** Data in this exercise follows **

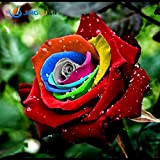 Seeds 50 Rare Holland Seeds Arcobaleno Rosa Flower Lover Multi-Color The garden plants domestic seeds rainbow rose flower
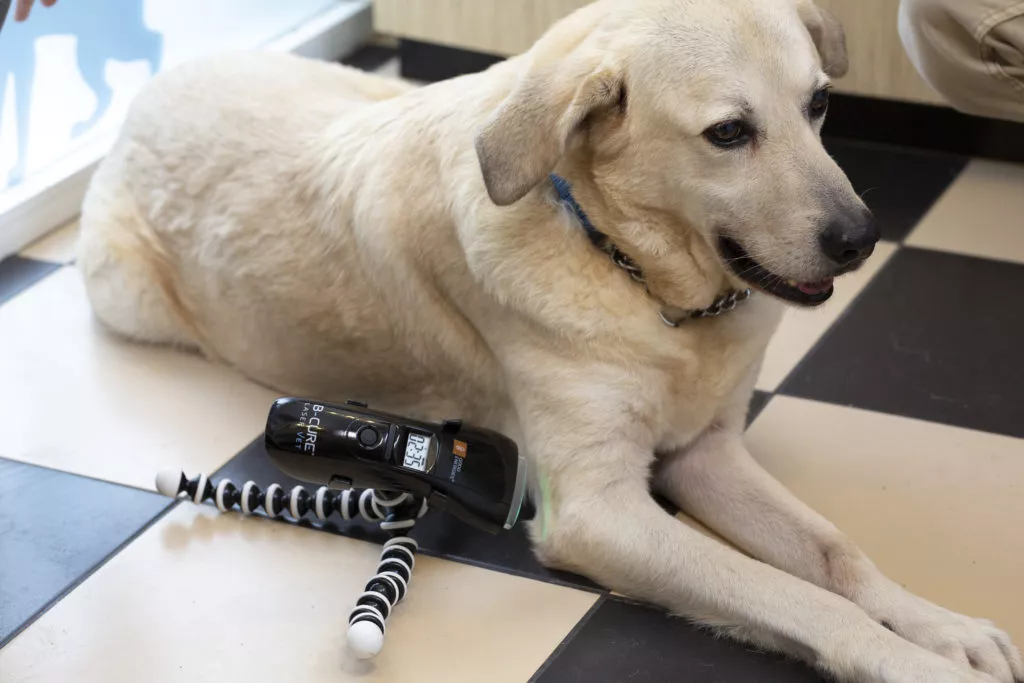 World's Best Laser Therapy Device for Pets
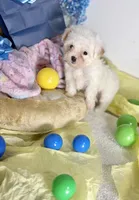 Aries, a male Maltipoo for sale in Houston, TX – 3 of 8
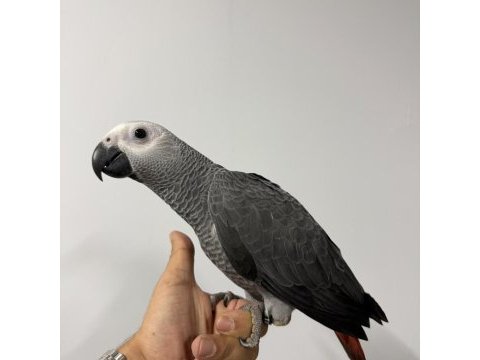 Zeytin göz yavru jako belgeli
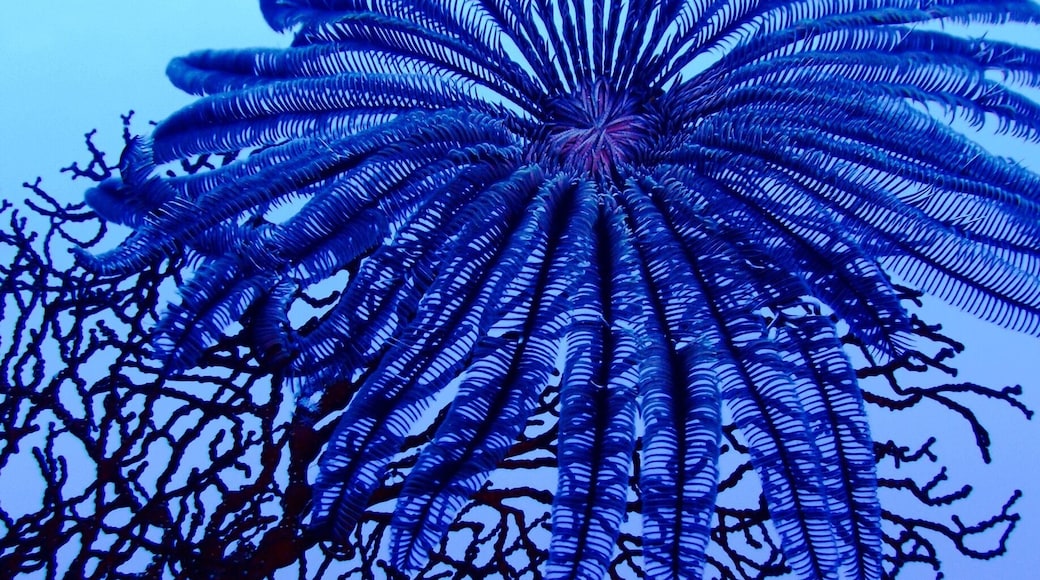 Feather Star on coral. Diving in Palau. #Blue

** End of Data in this exercise **

Try it => All lines from the one containing "Zeytin göz yavru jako belgeli" to the end of the entries should appear in the output exactly as written, with no pictures.

Written response =>
 Zeytin göz yavru jako belgeli
 Feather Star on coral. Diving in Palau. #Blue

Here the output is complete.